━━━ DATA EXTRACT

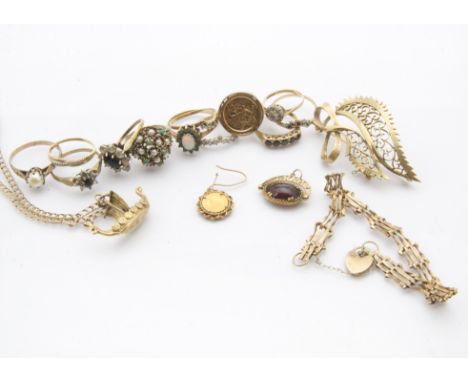 A collection of 9ct gold and yellow metal jewellery, including twelve rings, a pierced leaf shaped brooch, a gate link bracel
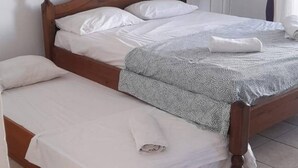 Quarto com duas camas de madeira, uma mesinha redonda e um vaso com planta.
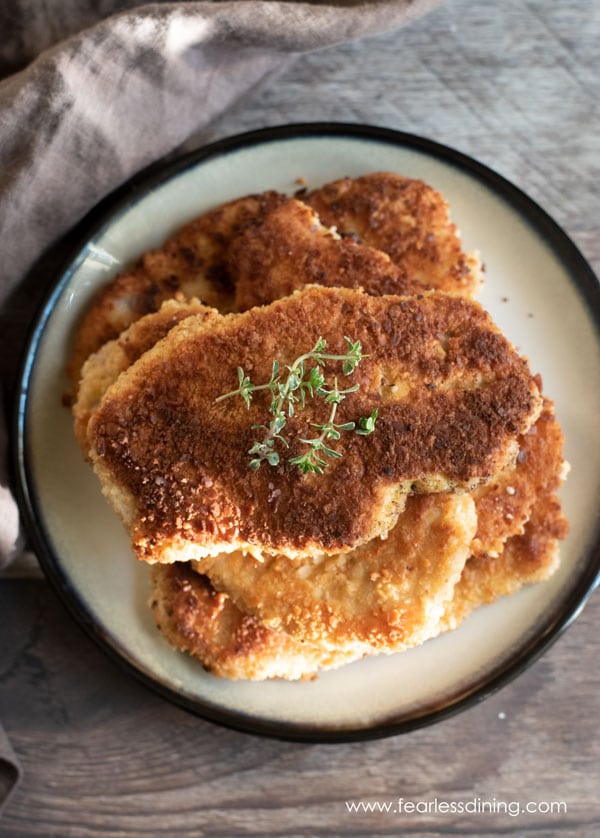 The top view of a plate full of fried schnitzel.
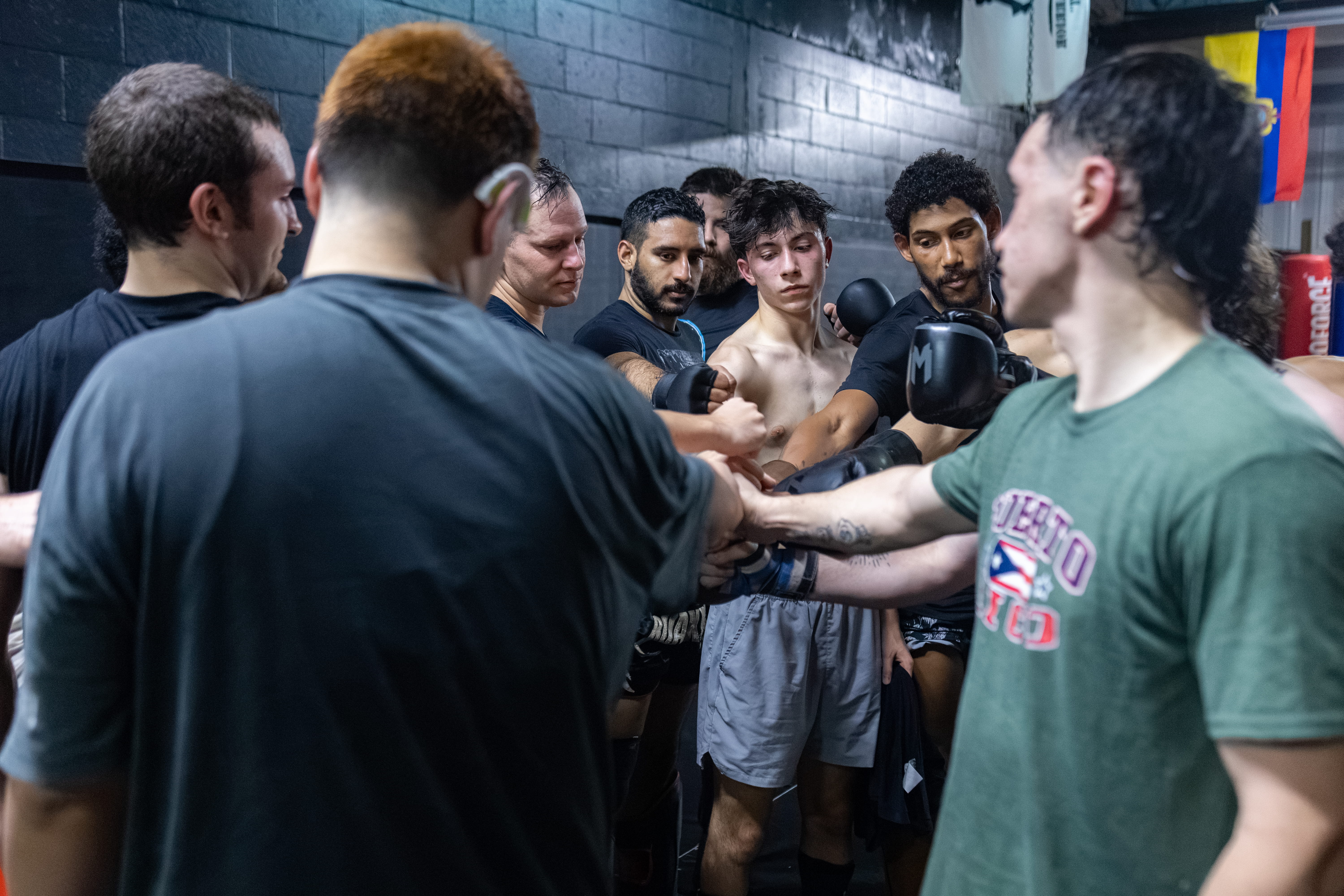 Fusion Muay Thai team huddle and supportive community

━━━━━━

GOAL OF THE EXERCISE: Retype the data exactly as it stands, but keep the images out of your copy.

RESULT OF THIS TASK:
 A collection of 9ct gold and yellow metal jewellery, including twelve rings, a pierced leaf shaped brooch, a gate link bracel
 Quarto com duas camas de madeira, uma mesinha redonda e um vaso com planta.
 The top view of a plate full of fried schnitzel.
 Fusion Muay Thai team huddle and supportive community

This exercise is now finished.